5 Things I really like about Elevated Careers:

1. Elevated Careers gets what most career sites don’t even focus on – Fit Matters!  Their backbone is a freaking dating website; they’re going to be better at matching and fit than almost anyone!

2. eHarmony has been public about making this work. This bodes well for ensuring they’ll get the investment needed to make a great product. The UI is already very tight and intuitive. They made a very easy to use product.

3. Elevated will have a unique talent pool to leverage, that is unlike any other product on the market. You won’t be able to contact dating website members, that would kill that brand, which they have to very protective over, but you will be able to market to those members through Elevated.

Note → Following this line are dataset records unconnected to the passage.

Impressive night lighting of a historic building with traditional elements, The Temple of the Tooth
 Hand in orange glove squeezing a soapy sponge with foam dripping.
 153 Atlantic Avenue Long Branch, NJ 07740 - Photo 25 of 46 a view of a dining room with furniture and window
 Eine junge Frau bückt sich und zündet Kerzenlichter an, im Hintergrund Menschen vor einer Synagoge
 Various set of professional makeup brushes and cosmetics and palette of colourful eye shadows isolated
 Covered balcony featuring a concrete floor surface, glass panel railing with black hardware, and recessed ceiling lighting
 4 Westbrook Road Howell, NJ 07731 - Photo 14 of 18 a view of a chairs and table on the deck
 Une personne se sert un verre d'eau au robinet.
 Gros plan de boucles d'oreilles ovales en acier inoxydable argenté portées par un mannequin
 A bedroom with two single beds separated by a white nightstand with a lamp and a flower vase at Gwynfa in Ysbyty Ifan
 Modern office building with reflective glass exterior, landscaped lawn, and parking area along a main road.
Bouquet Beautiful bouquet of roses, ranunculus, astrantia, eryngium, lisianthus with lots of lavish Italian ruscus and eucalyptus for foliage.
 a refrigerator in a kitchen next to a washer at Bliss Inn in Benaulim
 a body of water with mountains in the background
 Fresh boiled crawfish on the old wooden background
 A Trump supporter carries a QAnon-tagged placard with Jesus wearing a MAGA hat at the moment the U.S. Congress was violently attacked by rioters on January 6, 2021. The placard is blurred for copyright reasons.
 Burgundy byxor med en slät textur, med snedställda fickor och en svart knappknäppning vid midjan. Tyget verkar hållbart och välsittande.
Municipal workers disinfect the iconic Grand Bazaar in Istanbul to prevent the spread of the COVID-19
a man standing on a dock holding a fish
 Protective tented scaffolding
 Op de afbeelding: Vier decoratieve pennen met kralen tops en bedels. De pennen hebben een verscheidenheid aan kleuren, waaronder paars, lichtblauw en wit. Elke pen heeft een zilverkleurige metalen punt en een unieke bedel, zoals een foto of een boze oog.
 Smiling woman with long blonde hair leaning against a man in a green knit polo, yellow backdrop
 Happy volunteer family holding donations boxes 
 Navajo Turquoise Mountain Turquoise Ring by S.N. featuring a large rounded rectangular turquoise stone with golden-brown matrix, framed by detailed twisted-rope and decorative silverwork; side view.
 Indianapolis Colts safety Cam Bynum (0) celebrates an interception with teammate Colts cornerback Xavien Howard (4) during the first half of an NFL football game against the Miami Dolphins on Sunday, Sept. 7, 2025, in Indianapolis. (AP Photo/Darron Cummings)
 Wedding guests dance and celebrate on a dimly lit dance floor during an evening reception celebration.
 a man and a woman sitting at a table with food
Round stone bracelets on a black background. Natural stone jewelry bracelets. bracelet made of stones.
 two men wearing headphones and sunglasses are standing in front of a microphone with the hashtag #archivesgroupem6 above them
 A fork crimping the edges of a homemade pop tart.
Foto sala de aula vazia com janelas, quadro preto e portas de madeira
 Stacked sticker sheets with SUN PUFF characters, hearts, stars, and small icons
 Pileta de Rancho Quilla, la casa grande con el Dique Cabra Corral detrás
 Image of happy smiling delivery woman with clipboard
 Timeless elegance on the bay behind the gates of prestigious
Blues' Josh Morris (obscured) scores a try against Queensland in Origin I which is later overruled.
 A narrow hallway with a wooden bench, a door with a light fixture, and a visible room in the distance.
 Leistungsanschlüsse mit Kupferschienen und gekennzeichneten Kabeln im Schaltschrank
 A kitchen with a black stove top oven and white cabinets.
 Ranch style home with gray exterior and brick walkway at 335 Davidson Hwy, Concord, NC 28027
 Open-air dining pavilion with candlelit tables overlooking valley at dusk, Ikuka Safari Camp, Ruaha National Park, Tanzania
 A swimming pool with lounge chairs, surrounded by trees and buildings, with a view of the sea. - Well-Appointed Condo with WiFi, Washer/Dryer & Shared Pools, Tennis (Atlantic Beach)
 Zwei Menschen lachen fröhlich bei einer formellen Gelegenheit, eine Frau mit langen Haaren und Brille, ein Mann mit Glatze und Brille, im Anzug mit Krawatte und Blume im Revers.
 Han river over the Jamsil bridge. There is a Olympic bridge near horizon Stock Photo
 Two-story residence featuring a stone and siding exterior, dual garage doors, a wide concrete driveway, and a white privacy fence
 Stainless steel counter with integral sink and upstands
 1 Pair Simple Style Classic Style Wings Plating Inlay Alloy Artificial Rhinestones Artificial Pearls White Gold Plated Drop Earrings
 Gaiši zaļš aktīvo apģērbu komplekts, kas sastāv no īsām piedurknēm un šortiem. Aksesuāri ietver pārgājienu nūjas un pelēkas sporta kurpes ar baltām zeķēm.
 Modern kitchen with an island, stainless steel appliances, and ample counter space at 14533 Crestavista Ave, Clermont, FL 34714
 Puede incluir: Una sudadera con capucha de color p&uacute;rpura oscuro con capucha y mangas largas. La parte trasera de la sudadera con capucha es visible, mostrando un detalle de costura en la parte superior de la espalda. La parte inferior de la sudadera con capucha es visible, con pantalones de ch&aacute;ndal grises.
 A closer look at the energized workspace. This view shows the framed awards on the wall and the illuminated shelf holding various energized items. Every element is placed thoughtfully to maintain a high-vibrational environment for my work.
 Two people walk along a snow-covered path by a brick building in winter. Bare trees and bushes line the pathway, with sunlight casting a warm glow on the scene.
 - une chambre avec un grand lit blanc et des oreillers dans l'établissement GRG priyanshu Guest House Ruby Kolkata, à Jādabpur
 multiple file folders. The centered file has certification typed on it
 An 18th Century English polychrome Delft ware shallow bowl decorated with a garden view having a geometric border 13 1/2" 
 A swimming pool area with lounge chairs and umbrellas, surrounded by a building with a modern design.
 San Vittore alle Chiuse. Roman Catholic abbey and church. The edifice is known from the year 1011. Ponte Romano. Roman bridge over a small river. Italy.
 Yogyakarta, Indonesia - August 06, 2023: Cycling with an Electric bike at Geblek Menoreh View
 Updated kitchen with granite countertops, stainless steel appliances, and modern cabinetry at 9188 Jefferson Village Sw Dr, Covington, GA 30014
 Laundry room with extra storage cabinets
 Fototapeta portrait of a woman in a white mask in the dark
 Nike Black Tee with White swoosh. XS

4. Their fit technology will give candidates a Compatibility Score. This will help candidates know how well they will potentially fit with a potential company, but also show them where and why they fall short.

5. The job function is more than just an aggregator, as organizations will have to validate themselves before their jobs will show up in search. This way candidates know the jobs they’re applying for are current and up-to-date.

Elevated Careers is in Beta and hopes to be completely live end of first quarter of 2016, but it shouldn’t stop you from jumping on the Beta is you can get in.  One thing I wasn’t excited about is there is a piece of their product that will have candidates “buy” for certain functionality. Before you go down The Ladders path, you have to understand where they’re coming from – Dating Site.

Their data shows that people don’t value free sites.  If you offer a dating site membership for free, no one shows up. If you make them pay, add some exclusivity to it, people will pay for it.  While that works on dating sites, I don’t know if it will work on a career site, but we’ll see. I didn’t get from them that they’re married to this idea, and it might change out of beta.

T3 – Talent Tech Tuesday – is a weekly series here at The Project to educate and inform everyone who stops by on a daily/weekly basis on some great recruiting and sourcing technologies that are on the market.  None of the companies who I highlight are paying me for this promotion.  There are so many really cool things going on in the tech space and I wanted to educate myself and share what I find.  If you want to be on T3 – send me a note.

2 thoughts on “T3 – @ElevatedCareers by eHarmony

  1. Nice summary. I’ve been following eHarmony’s efforts for several years and their biggest obstacle isn’t technology but the readiness of corporations for a model that requires real transparency and equality in the decision process.

    For example- in ‘dating’ you get to ask the other person about their ‘relationships’. Employers are quick to ask candidates about their prior relationships but reluctant to divulge how many people the hiring manager actually had working for him/her and where they are now.

    eHarmony improves its algorithm by asking those who date whether they got engaged, married and, eventually if the the marriage is still working. That is truly the scientific method necessary to support a predictive analytics claim. No one is doing that today in recruiting despite all the hype.

    For these two reasons eHarmony could have disruptive value, enable better matching and elevate the selection decision processes to where they need to go in the 21st century. Full Disclosure: I have no relationship with them.